Brunetti established his FUCT clothing line in 1990, and has been selling T-shirts, hoodies, hats and other apparel with the FUCT logo since then. A trademark would allow him to protect his lucrative brand name from being ripped off by counterfeiters. But the U.S. Patent and Trademark Office (PTO) rejected Brunetti’s request under a portion of the U.S. Trademark Act known as the “Scandalous Clause.”
Under this section, PTO bureaucrats can nix an application to register a trademark if it consists of “immoral” or “scandalous” material. As Brunetti’s attorneys demonstrate in their brief to the court in Iancu v. Brunetti, the PTO’s interpretation of what constitutes immoral or scandalous content is erratic and involves “viewpoint regulation,” which is impermissible under the First Amendment’s guarantee of freedom of speech.
From the Brunetti pleading:
In actual practice, the Government allows registration of some profanity, for example, “bitch,” and “damn.” The Government allows marks that use the word “fuck,” provided it is misspelled or not spelled out (FCUK, Reg. No. 2920270; FWORD, S/N 75/590854; and WTF IS UP WITH MY LOVE LIFE?!, Reg. No. 4024774). As to excretory words, the Government allows “feces,” “poop,” “turd,” (FAMOUS FECES, S/N 78/315509; POOP, Reg. No. 2956358; and TURD TOTER (BECAUSE NOBODY WANTS TO SEE YOUR TURD), Reg. No. 5397982), even though their meaning is identical to “shit,” which the Government usually refuses. The Government also allows “piss” and “urine.” (SATAN’S PISS, Reg. No. 5233724 and URINE OFF, Reg. No. 2553449). The Government allows some sexual terms, for example, “foreplay,” “intercourse” (IRISH BY INTERCOURSE, Reg. No. 4136786), 69 (when referring to sexual activity as in MILE HIGH 69, S/N 87/718907 and LOOPY SEX GAME 18+ OH 69, Reg. No. 5583858) and PINK TACO (when referring to female genitalia, e.g., PINK TACO FAN CLUB, S/N 77/402098, refused for other reasons).
In other words, given what the patent office allows, what’s the big deal about “FUCT” — which Brunetti maintains is an acronym for, “Friends U Cannot Trust”?
The government argues that the Scandalous Clause applies mainly to “profanity, excretory and sexual matter,” but in reality, according to Brunetti’s legal team, the PTO uses the clause to deny trademarks with religious overtones, such as “Khoran” and “Madonna,” drug-related terms like, “Acapulco Gold,” and harmless phrases, such as “coffee Nazi.”
Under the First Amendment, people cannot be prevented from selling products that use offensive words, symbols or phrases. However, the government asserts that a trademark confers a benefit and conveys a government stamp of approval, and so the patent office should be allowed to exclude words and ideas that it doesn’t like.

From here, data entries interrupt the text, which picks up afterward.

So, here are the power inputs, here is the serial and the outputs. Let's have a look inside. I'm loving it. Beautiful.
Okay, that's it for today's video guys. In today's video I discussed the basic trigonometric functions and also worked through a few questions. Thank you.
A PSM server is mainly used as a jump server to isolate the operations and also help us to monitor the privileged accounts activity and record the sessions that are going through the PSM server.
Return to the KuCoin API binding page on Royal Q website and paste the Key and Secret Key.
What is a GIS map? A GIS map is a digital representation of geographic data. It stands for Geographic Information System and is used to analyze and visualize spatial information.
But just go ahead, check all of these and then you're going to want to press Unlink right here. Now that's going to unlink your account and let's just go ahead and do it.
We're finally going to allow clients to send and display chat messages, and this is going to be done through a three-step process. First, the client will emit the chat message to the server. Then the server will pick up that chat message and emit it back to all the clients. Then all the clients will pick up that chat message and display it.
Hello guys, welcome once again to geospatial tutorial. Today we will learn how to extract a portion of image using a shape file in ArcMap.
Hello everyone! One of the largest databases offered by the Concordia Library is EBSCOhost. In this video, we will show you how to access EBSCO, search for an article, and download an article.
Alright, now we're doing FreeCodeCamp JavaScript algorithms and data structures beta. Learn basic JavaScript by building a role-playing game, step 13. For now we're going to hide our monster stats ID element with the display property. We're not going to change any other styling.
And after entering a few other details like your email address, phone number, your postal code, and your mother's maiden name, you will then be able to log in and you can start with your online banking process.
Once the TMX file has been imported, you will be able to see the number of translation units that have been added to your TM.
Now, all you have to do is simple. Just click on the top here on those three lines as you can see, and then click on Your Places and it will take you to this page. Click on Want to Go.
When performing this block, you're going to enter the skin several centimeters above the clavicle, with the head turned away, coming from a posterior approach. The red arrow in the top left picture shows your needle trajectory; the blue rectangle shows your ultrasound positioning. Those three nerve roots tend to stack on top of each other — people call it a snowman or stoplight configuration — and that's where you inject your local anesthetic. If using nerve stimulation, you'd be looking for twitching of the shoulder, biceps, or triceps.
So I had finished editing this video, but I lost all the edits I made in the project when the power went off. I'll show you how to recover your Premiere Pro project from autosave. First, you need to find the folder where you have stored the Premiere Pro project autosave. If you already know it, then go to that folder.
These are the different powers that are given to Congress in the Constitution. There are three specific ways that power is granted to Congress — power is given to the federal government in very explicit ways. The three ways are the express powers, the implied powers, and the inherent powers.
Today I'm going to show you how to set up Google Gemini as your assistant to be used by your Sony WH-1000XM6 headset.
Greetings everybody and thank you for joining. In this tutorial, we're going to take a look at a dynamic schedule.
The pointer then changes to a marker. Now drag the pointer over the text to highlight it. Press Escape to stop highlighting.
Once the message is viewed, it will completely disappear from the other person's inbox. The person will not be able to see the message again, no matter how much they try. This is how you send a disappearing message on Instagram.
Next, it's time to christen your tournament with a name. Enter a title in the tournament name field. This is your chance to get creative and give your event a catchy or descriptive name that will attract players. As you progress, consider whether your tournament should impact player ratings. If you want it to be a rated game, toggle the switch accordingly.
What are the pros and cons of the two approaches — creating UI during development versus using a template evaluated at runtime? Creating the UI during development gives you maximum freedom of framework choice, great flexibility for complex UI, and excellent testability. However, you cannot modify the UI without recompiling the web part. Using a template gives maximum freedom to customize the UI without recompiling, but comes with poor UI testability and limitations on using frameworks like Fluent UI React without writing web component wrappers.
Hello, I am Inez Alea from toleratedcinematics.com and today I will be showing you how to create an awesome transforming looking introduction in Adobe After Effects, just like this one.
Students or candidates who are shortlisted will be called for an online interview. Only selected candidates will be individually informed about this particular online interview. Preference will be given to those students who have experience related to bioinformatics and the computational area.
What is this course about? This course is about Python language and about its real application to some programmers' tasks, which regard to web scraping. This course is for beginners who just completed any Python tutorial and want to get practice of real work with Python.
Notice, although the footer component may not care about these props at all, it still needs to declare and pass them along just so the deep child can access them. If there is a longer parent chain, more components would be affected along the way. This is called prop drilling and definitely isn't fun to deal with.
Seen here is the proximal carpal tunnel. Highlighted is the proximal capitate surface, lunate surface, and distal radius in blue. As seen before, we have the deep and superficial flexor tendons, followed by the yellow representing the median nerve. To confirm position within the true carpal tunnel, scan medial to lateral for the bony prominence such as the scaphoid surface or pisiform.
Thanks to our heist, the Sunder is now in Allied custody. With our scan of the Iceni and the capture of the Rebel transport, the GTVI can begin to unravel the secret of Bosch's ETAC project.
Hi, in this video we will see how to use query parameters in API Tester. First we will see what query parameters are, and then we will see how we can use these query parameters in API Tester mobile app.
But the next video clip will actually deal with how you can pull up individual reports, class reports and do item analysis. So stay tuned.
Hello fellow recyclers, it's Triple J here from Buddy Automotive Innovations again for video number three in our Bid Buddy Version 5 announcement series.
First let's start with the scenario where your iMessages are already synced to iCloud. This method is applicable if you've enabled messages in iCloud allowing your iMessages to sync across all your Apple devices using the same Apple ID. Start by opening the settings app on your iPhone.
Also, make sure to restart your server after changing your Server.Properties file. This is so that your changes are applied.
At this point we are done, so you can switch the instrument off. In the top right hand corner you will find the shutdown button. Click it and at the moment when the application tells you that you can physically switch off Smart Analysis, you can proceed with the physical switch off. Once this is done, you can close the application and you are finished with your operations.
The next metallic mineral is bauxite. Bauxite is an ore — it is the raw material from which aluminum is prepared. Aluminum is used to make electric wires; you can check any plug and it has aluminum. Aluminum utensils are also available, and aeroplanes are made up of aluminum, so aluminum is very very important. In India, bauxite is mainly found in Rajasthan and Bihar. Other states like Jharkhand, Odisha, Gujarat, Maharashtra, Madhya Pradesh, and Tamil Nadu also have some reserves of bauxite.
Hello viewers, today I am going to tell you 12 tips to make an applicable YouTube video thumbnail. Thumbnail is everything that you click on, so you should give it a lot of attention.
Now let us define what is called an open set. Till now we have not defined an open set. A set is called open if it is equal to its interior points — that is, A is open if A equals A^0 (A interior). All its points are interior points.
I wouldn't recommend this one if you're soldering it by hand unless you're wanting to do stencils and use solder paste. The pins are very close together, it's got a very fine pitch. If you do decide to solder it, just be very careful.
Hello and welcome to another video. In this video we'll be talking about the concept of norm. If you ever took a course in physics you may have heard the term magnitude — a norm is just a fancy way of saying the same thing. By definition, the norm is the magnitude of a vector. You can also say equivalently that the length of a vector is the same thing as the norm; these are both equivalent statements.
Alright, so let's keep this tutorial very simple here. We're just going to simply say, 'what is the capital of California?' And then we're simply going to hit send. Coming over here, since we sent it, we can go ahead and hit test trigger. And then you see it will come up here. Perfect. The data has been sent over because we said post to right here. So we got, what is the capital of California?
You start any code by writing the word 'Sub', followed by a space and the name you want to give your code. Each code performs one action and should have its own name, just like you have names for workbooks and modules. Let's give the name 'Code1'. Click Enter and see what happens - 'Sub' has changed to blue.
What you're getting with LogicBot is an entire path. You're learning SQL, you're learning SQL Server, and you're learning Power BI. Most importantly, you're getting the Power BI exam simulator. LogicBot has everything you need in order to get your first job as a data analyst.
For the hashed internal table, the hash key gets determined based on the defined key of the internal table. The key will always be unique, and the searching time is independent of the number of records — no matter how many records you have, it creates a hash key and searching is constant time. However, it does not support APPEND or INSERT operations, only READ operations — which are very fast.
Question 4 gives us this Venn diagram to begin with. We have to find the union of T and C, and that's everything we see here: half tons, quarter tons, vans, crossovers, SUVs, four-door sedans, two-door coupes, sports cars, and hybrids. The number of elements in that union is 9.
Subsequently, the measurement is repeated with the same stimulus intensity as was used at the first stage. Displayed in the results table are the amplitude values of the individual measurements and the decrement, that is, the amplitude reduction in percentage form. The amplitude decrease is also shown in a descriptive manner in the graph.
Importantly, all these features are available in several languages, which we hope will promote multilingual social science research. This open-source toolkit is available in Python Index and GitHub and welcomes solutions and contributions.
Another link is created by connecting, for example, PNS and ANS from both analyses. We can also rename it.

Last year, the Supreme Court struck down a similar part of Trademark Law, the so-called Disparagement Clause, which prevents trademarks that “disparage” or bring into “contempt, or disrepute” any person, living or dead.
That case, Matal v. Tam, involved an all-Asian rock band, which dubbed itself, The Slants, as a way of owning the racial epithet. The PTO said no, but in a unanimous decision delivered by Justice Samuel Alito, the court found that the law’s disparagement provision violated the Free Speech Clause of the First Amendment.
Alito wrote that, “It offends a bedrock First Amendment principle: Speech may not be banned on the ground that it expresses ideas that offend.”
The U.S. Court of Appeals for the Federal Circuit in Washington, DC heard both Matal v. Tam and the Brunetti case. In each, the appeals court concluded that trademarks are private, not public speech. As a result, the patent office cannot discriminate based on the content of the speech involved, and the Scandalous Clause, like the Disparagement Clause, is unconstitutional.
SCOTUS upheld the appeals court decision in Matal v. Tam, but Savage’s piece in the Los Angeles Times reported some skepticism expressed by Supreme Court Justice Stephen Breyer and Chief Justice John Roberts during Monday’s hearing. They wondered about the effects of overturning the Scandalous Clause and if such a decision would swing wide the floodgates for expletives and scatological references to be trademarked.
“Why can’t the government say we don’t want to be associated with this?” asked Breyer at one point during the orals. “That doesn’t forbid anyone from using the word.”